The Times offers a long editorial sharing their wisdom and insights on health care. I found this to be unexpectedly honest and amusing:
Drug Prices. Compared with the residents of other countries, Americans pay much more for brand-name prescription drugs, less for generic and over-the-counter drugs, and roughly the same prices for biologics. This page believes it would be beneficial to allow Medicare to negotiate with manufacturers for lower prescription drug prices and to allow cheaper drugs to be imported from abroad.

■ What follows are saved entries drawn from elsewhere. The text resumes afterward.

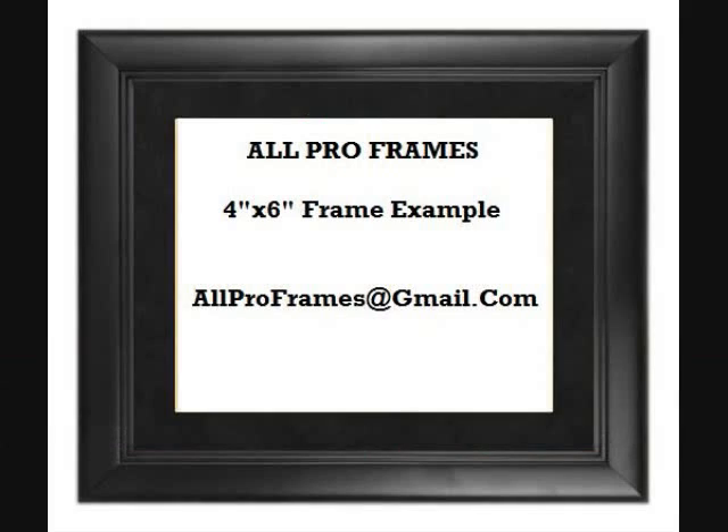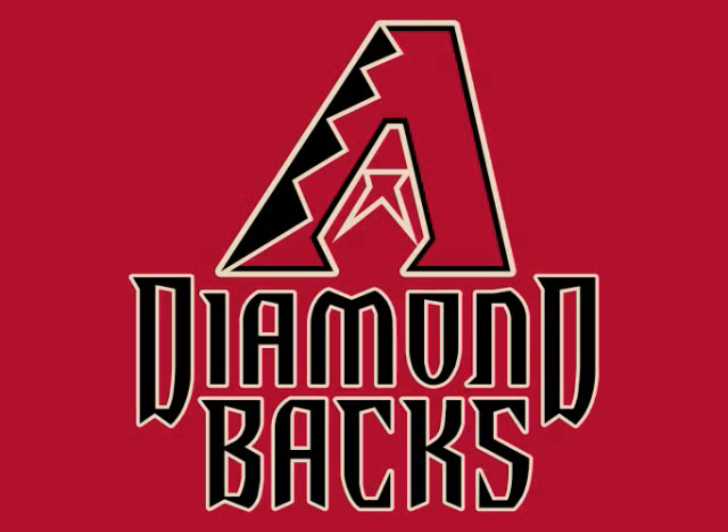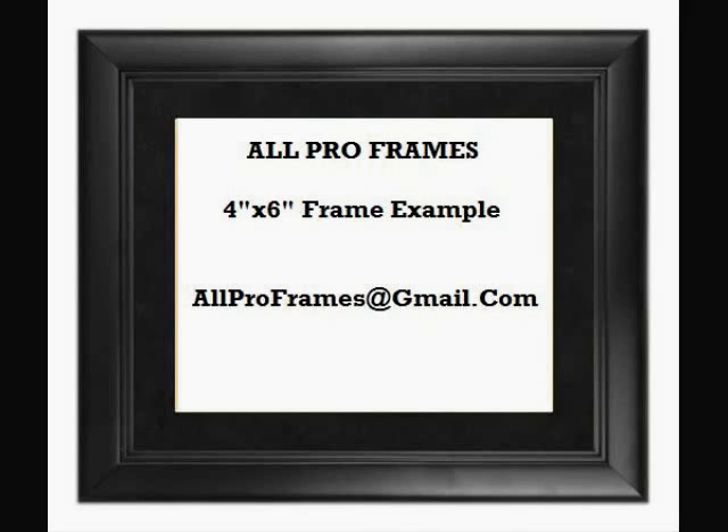We take great pride in our framed photos and continue to go that extra mile for our customers who appreciate great photography. With thousands of pictures from team logos to scenic views, we surely have something for everyone.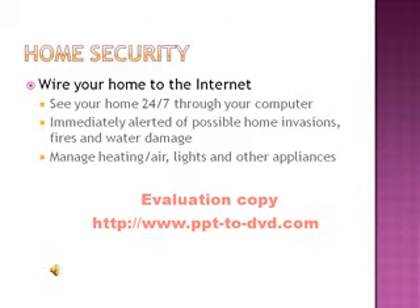Home security features include wiring your home to the internet so you can see your home 24/7 through your computer. You are immediately alerted of possible home invasions, fires, and water damage. You can also manage your heating, air, lights, and other appliances.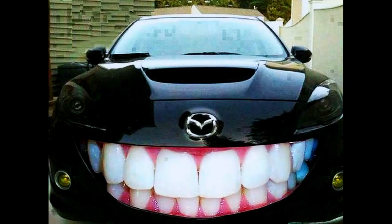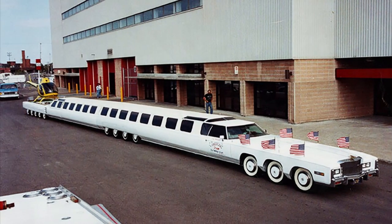Hello everyone, welcome to my channel. I am here to answer all the questions you never asked. Today we are going to look at the longest stretch limousine ever built to this day. The longest stretch limo was built by Jay Ohrberg in 1986 and was named the American Dream.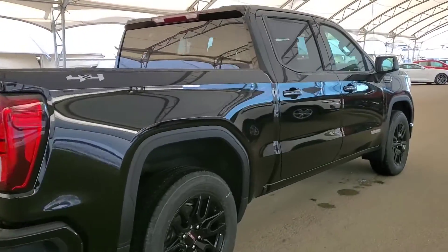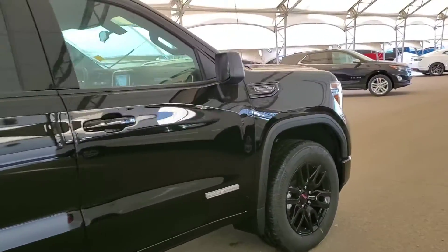Book your test drive today at Davis Chevrolet with one of our friendly product specialists.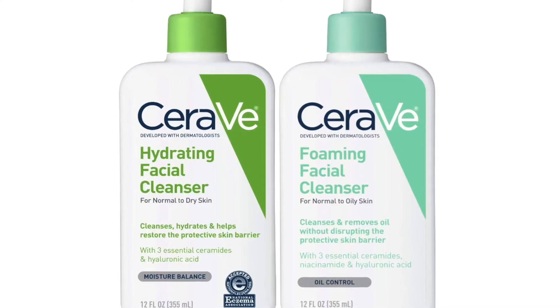By emulsifying the oil cleanser, you're assisting with the next step, which is to use a gel-based or water-based cleanser. My favorites are the CeraVe foaming cleanser and the CeraVe hydrating cleanser. If you're in your teens or 20s you could try the foaming cleanser, but if you're 30 and above, the hydrating cleanser is a better option. I use the hydrating cleanser myself. So that takes care of our cleansing.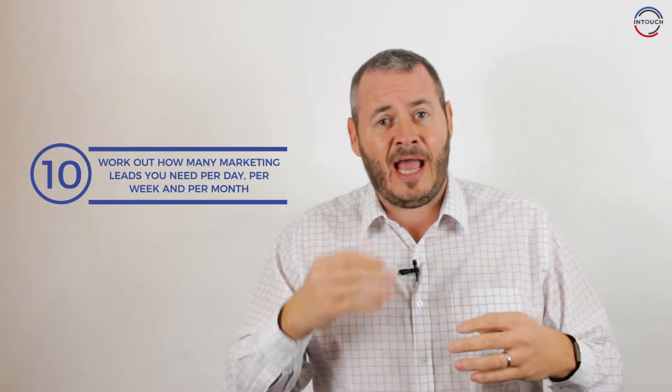The final stage is: once you've identified the amount of marketing leads you need to convert into prospects, and move between stage to stage to hit your target numbers, you can now work backwards and define how many leads you need per day, per week, per month in order to hit that sales target. The target you've set is not going to happen unless you go through this process — and this process is the best way to ensure that the targets you've set are going to be delivered.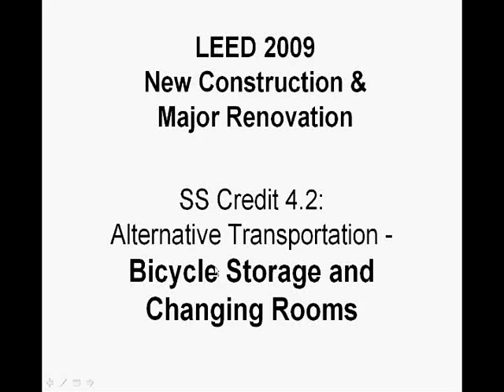This is going to be a short video on SS Credit 4.2, Alternative Transportation, Bicycle Storage and Changing Rooms, under LEED 2009 New Construction and Major Renovation.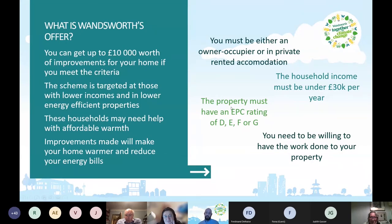The eligibility criteria are set by central government, so it's a condition of our funding that all people going through the scheme fulfill this. You need to be either an owner-occupier or in private rented accommodation. The household income must be under £30,000 per year. The property must have an EPC — that's an Energy Performance Certificate — rating of D, E, F, or G. And importantly, you need to be willing to have the work done to your property, which will involve people coming around to assess it and suggest improvements.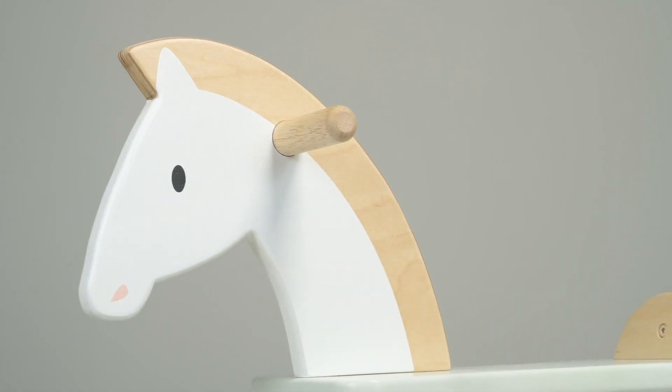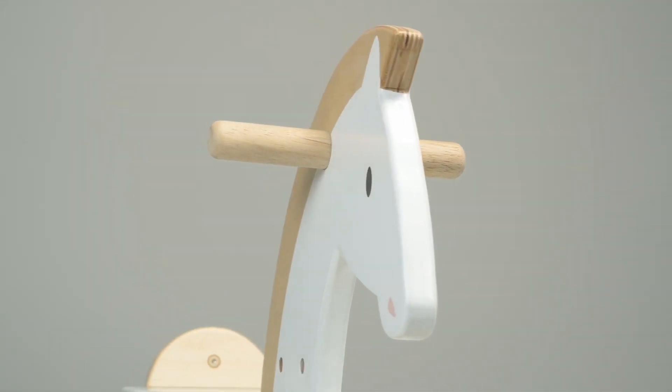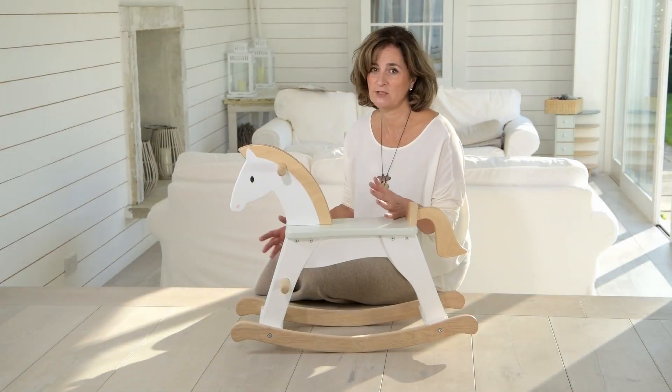We think rocking horses are very nostalgic, so we're sure this will become a beautiful heirloom toy, something to be passed down for the generations to come.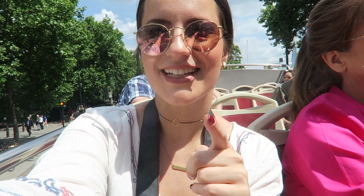Hey guys, welcome to this vlog! Today we are on a bus tour and it's gonna be fun. I've always wanted to do one of these for like ever in my whole life and I never did. So fourth time in London, finally doing it.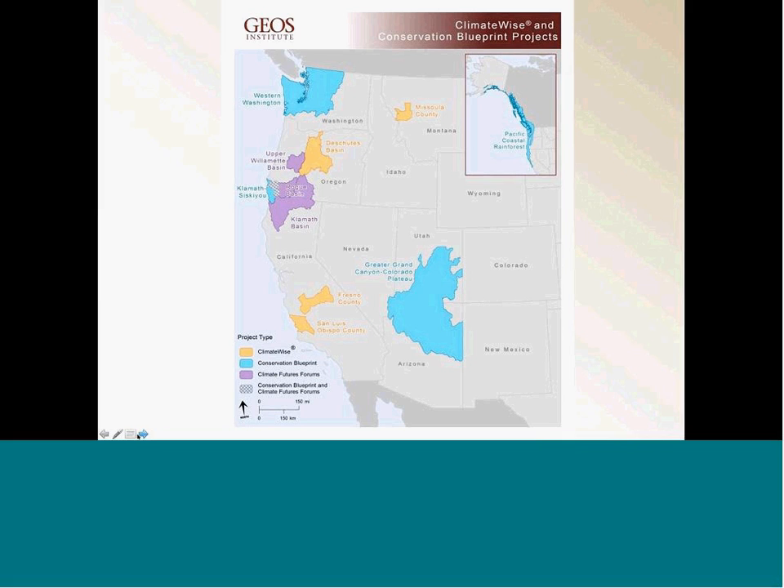I want to introduce a program we developed in collaboration with the Climate Leadership Initiative out of the University of Oregon. This map shows our blueprints in blue and community-driven processes — which we call ClimateWise — in purple and yellow. We work with local communities to integrate their planning across the watershed, across a county, or across a group of counties. In both counties where we've worked there are extensive amounts of public lands, and we'd like to see a process like ClimateWise adopted more widely, with coordinated planning across both public and private lands.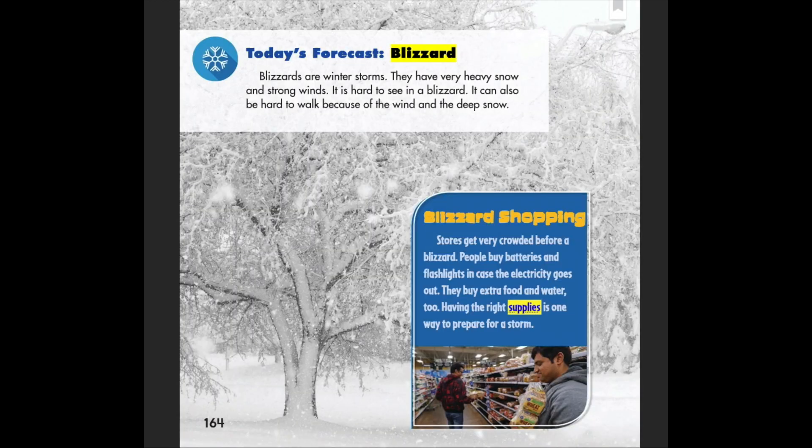Today's forecast: blizzard. Blizzards are winter storms with very heavy snow and strong winds. It is hard to see in a blizzard, and it can also be hard to walk because of the wind and deep snow. Stores get very crowded before a blizzard — people buy batteries, flashlights, extra food, and water in case the electricity goes out. Having the right supplies is one way to prepare for a storm.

The prospect for big savings is dubious.
The prospect for big savings is dubious indeed (the Times thumped Kerry on the drug re-importation issue in 2004), but if we join Europe in refusing to pay for new drugs, who will deliver the next generation of breakthroughs?
The Times raises cogent objections to consumer sovereignty rather than dismissing it out of hand:
Skin in the Game. The solution favored by many conservatives is to force consumers to shell out more money when they seek medical care so that they will think harder about whether it is really necessary. The “consumer-directed health care” movement calls for providing people with enough information about doctors and treatments so that they can make wise decisions.
There would most likely be some savings. A classic experiment by Rand researchers from 1974 to 1982 found that people who had to pay almost all of their own medical bills spent 30 percent less on health care than those whose insurance covered all their costs, with little or no difference in health outcomes. The one exception was low-income people in poor health, who went without care they needed. Any cost-sharing scheme would have to protect those unable to bear the burden.
And consumer-driven plans have limitations. Most health care spending is racked up by a small percentage of individuals whose bills are so high they are no longer subject to cost sharing; they will hardly be deterred from expensive care they desperately need. Moreover, few consumers have the competence or knowledge to second-guess a doctor’s recommendations.
What they left out is that employer-sponsored health insurance is eligible for a tax deduction whereas privately purchased insurance is not; Ramesh Ponnuru discussed this in the prestigious pages of TIME (and two rejoinders).